Segment Open
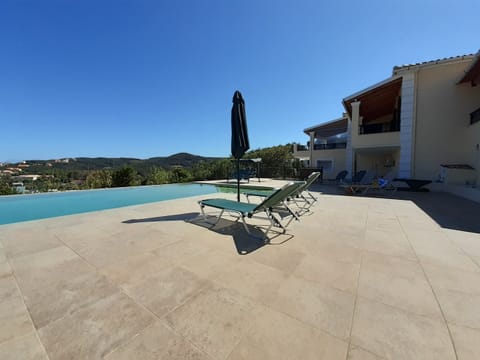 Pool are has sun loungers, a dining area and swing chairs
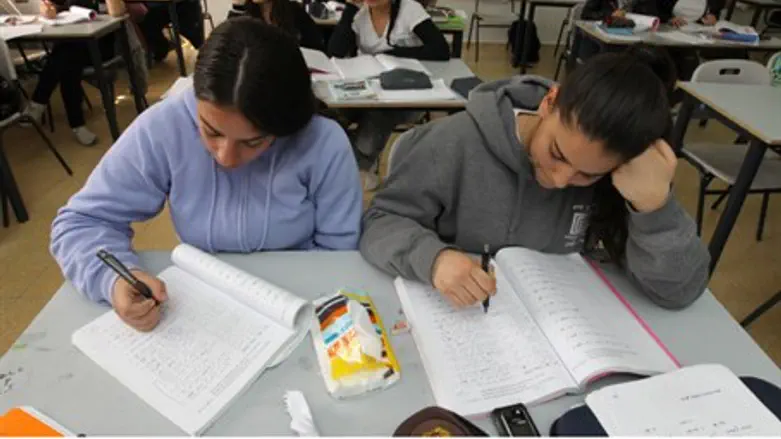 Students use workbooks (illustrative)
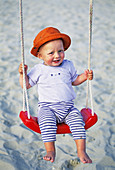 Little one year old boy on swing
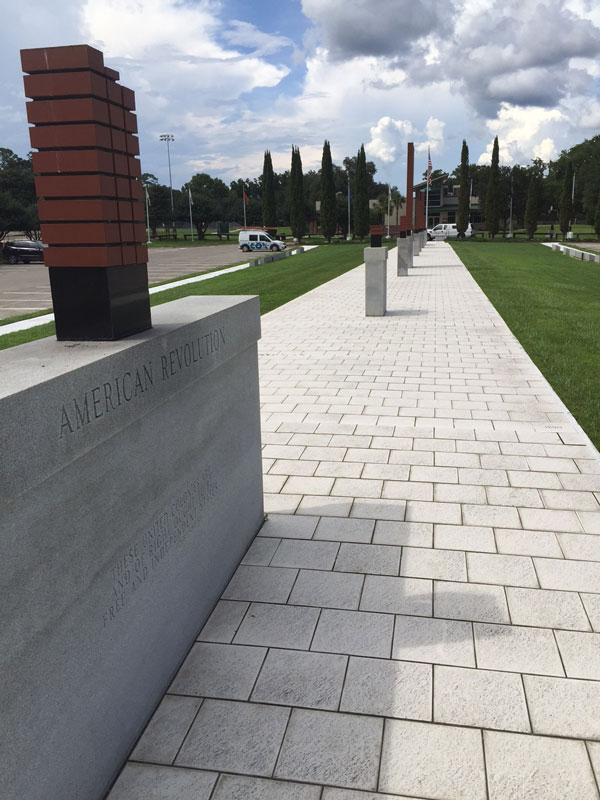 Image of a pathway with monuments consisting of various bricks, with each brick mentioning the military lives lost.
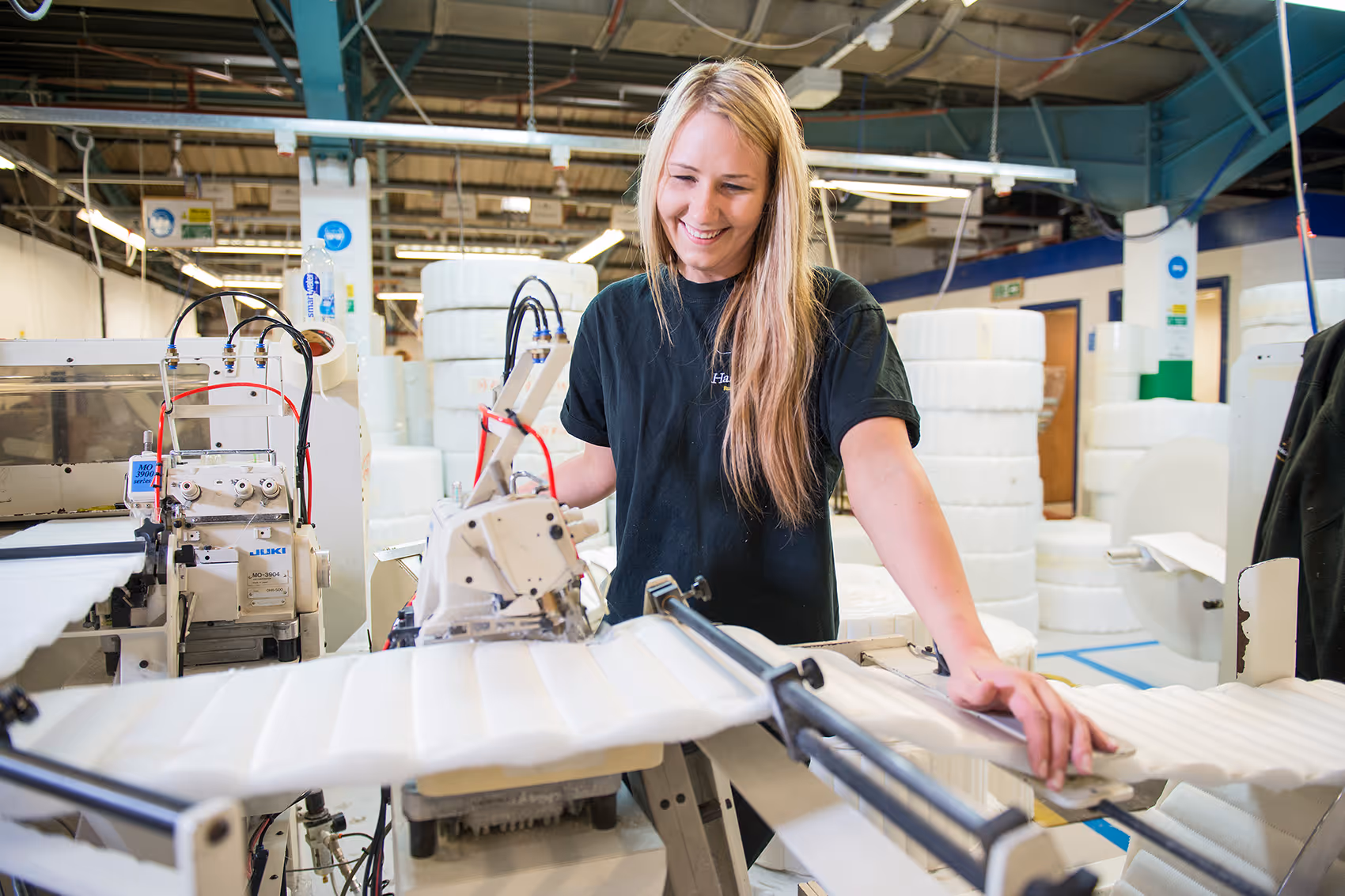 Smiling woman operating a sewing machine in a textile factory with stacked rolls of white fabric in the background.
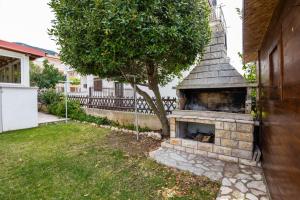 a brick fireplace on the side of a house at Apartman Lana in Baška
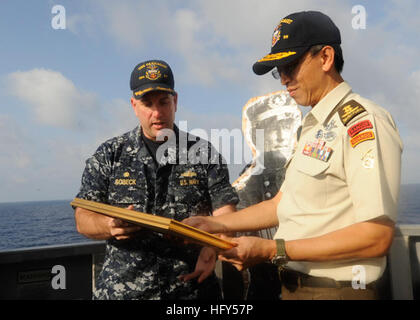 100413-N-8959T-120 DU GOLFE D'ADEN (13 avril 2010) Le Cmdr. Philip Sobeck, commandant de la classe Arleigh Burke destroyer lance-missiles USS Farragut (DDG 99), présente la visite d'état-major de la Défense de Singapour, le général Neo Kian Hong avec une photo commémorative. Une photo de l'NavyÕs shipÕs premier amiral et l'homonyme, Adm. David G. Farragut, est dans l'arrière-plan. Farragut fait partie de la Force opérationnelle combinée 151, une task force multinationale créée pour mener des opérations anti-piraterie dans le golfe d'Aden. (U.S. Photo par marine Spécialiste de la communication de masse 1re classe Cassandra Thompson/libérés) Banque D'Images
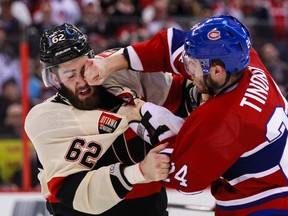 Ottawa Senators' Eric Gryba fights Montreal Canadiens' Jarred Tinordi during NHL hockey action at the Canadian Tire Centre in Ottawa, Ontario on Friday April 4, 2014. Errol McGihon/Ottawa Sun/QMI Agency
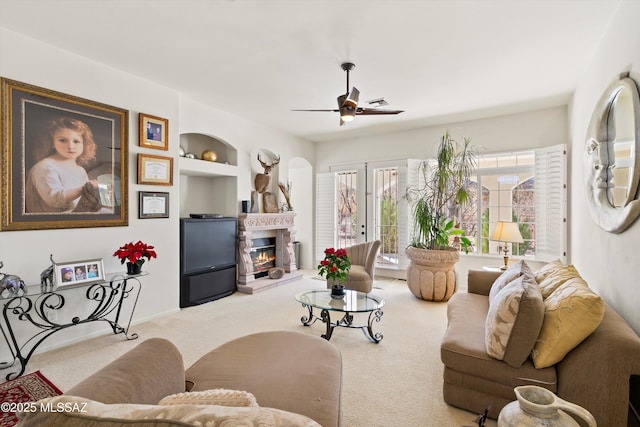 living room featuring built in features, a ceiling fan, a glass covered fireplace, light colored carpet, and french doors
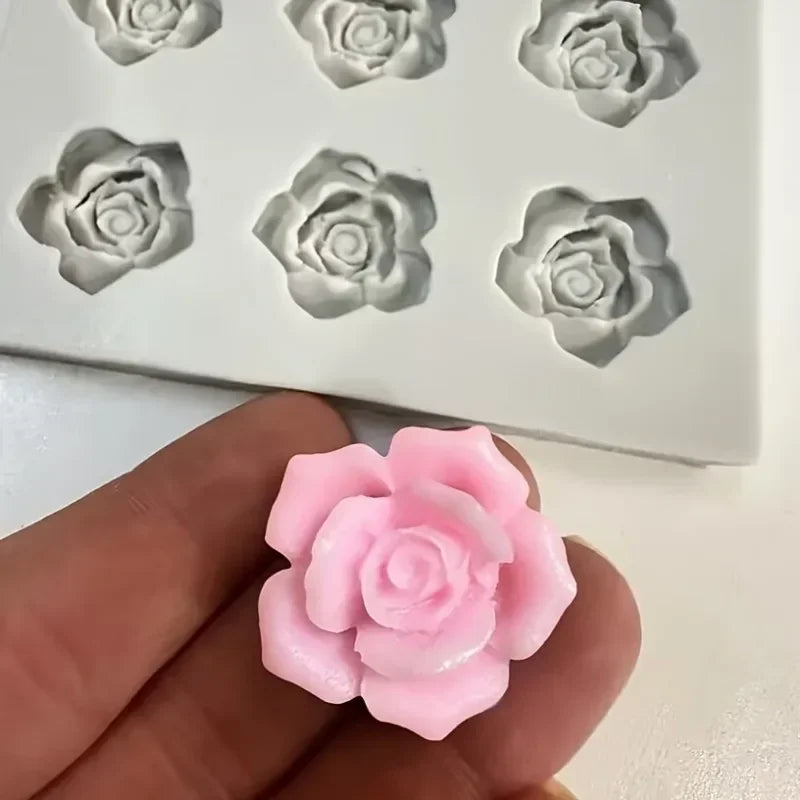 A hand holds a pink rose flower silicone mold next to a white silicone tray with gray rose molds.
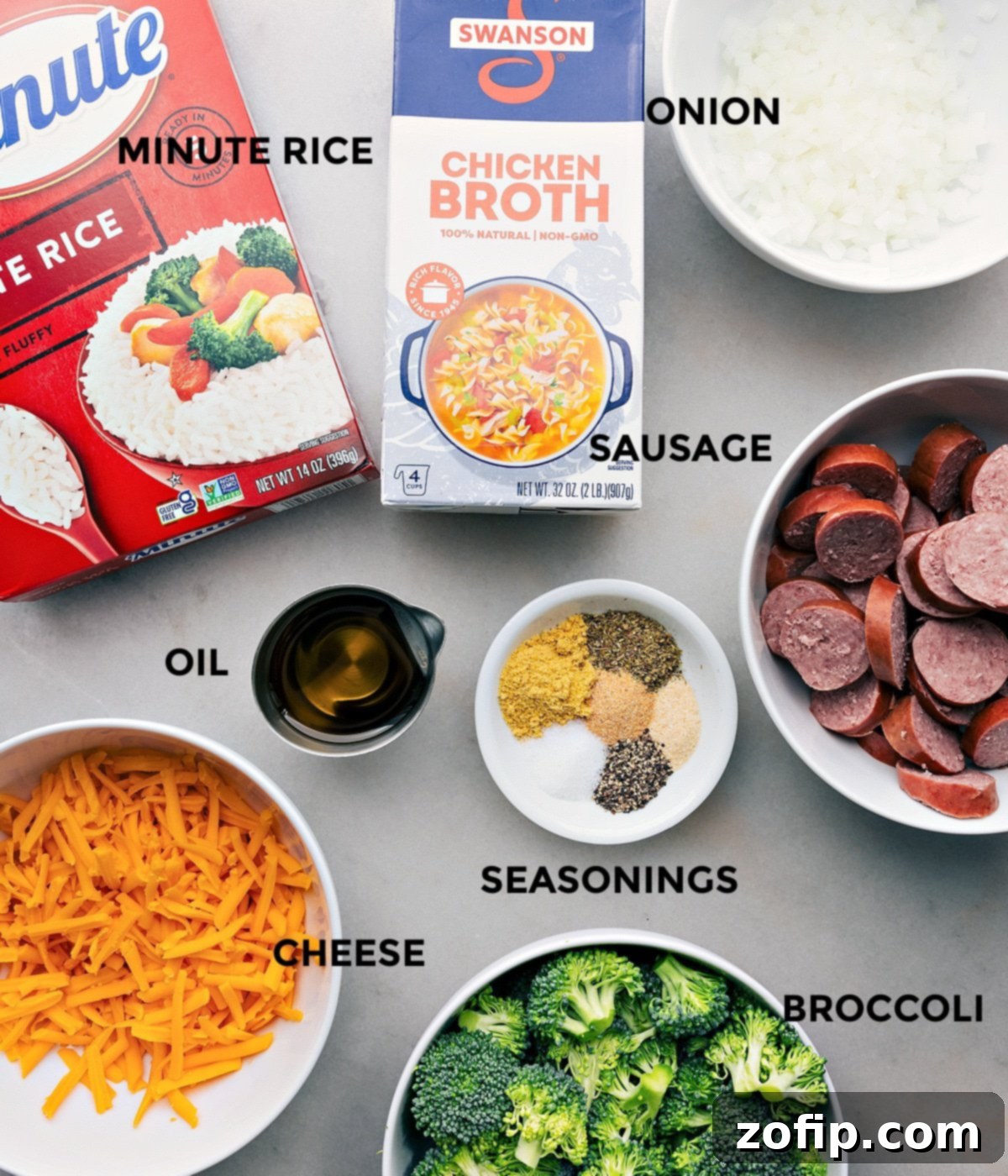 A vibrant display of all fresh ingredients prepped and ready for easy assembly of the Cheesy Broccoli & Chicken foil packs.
Segment Closed
Directions for this task -> Repeat the records above exactly, leaving out any pictures they contain.

Solution for this problem ->
 Pool are has sun loungers, a dining area and swing chairs
 Students use workbooks (illustrative)
 Little one year old boy on swing
 Image of a pathway with monuments consisting of various bricks, with each brick mentioning the military lives lost.
 Smiling woman operating a sewing machine in a textile factory with stacked rolls of white fabric in the background.
 a brick fireplace on the side of a house at Apartman Lana in Baška
 100413-N-8959T-120 DU GOLFE D'ADEN (13 avril 2010) Le Cmdr. Philip Sobeck, commandant de la classe Arleigh Burke destroyer lance-missiles USS Farragut (DDG 99), présente la visite d'état-major de la Défense de Singapour, le général Neo Kian Hong avec une photo commémorative. Une photo de l'NavyÕs shipÕs premier amiral et l'homonyme, Adm. David G. Farragut, est dans l'arrière-plan. Farragut fait partie de la Force opérationnelle combinée 151, une task force multinationale créée pour mener des opérations anti-piraterie dans le golfe d'Aden. (U.S. Photo par marine Spécialiste de la communication de masse 1re classe Cassandra Thompson/libérés) Banque D'Images
 Ottawa Senators' Eric Gryba fights Montreal Canadiens' Jarred Tinordi during NHL hockey action at the Canadian Tire Centre in Ottawa, Ontario on Friday April 4, 2014. Errol McGihon/Ottawa Sun/QMI Agency
 living room featuring built in features, a ceiling fan, a glass covered fireplace, light colored carpet, and french doors
 A hand holds a pink rose flower silicone mold next to a white silicone tray with gray rose molds.
 A vibrant display of all fresh ingredients prepped and ready for easy assembly of the Cheesy Broccoli & Chicken foil packs.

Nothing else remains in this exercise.